Harmonisation Front and Centre: Researchers to Seek Regulatory Bridges
Fourth in a series by Daniel Stern, DVN General Editor
Regulatory harmonisation has long been a simultaneously deliberate goal and hurdle for the auto industry at large. In an ongoing series starting this past Spring, DVN has published a series of essays examining the intricacies under the deceptively simple-seeming surface of the matter.
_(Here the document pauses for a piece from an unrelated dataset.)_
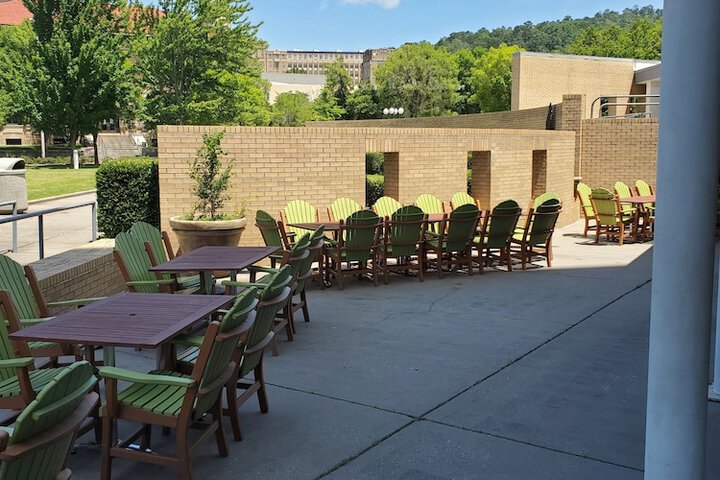 Terrace/Patio 34 of 37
In the beginning there was no regulatory harmonisation issue at all, because there were no regulations and the cars sold in each market were almost entirely unique to each market. Then vehicle import and export began and technical standards were adopted, different ones in different countries, but these differences were practically a non-issue. There were multiple approval or certification tests to pass, but for the most part vehicles could be made acceptable for the various markets by simply installing different headlamps and taillamps, different seat belts, different window glass, different bumpers, and other such easy bolt-ons. Until fairly recently, auto safety equipment evolved at such a relatively slow pace that regulatory harmonisation, despite its fervent advocates, was practically relegated more or less to a “that-would-be-nice” phenomenon.
That is no longer the case. The technology and technique of regulated vehicle systems and equipment are evolving at a rapid and accelerating speed, and vehicle safety equipment is increasingly integral to the vehicle as a whole rather than a collection of bolt-on attachments. Regulations that keep advancements off their market’s cars not only hinder efforts to improve traffic safety, but also throw unprecedented costs on automakers and, down the line, on car buyers. A recent assessment of the matter done in Europe found that mutually exclusive regulations can inflate the price of a foreign vehicle by more than 25%. Moreover, impending international trade agreements are pressing the point. There is increasing consensus that the sleepy pace of regulatory evolution, adequate if sometimes annoying in the past, is now making problems and costs new degrees of urgency.